(Data extracted from a collection)
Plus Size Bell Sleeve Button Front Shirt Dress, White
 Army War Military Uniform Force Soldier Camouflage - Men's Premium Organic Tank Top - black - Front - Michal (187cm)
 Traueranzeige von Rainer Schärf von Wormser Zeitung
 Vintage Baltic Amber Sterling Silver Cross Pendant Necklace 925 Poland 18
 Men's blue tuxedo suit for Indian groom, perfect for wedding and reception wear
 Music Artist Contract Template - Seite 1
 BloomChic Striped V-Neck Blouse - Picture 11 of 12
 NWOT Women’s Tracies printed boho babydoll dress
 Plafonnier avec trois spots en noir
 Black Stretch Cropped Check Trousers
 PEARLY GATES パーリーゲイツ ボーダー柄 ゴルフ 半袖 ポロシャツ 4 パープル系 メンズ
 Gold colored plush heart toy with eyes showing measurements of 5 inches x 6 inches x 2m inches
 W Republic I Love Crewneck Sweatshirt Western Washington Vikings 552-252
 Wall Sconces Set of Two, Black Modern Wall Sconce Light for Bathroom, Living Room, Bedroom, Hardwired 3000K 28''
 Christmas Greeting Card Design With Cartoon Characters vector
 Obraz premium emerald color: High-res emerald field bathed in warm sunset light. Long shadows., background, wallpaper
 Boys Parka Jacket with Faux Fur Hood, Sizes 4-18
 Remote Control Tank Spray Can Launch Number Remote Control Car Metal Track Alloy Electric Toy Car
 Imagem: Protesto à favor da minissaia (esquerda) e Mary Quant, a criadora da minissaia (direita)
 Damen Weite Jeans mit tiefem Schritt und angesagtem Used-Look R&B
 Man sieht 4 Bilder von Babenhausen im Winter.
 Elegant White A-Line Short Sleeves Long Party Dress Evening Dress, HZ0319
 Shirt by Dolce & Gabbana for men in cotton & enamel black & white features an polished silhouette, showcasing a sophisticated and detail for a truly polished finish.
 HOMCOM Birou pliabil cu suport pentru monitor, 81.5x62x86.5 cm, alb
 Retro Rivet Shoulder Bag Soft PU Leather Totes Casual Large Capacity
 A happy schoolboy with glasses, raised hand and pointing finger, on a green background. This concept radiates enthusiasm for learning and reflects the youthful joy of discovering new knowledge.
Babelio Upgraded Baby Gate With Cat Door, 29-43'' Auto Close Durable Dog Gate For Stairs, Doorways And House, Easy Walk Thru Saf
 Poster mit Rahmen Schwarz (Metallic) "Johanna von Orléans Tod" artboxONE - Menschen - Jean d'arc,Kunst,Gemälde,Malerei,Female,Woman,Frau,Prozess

§ Your goal: Copy out, from the records above, every line that holds the string "Long".

§ Answer section:
 Obraz premium emerald color: High-res emerald field bathed in warm sunset light. Long shadows., background, wallpaper
 Elegant White A-Line Short Sleeves Long Party Dress Evening Dress, HZ0319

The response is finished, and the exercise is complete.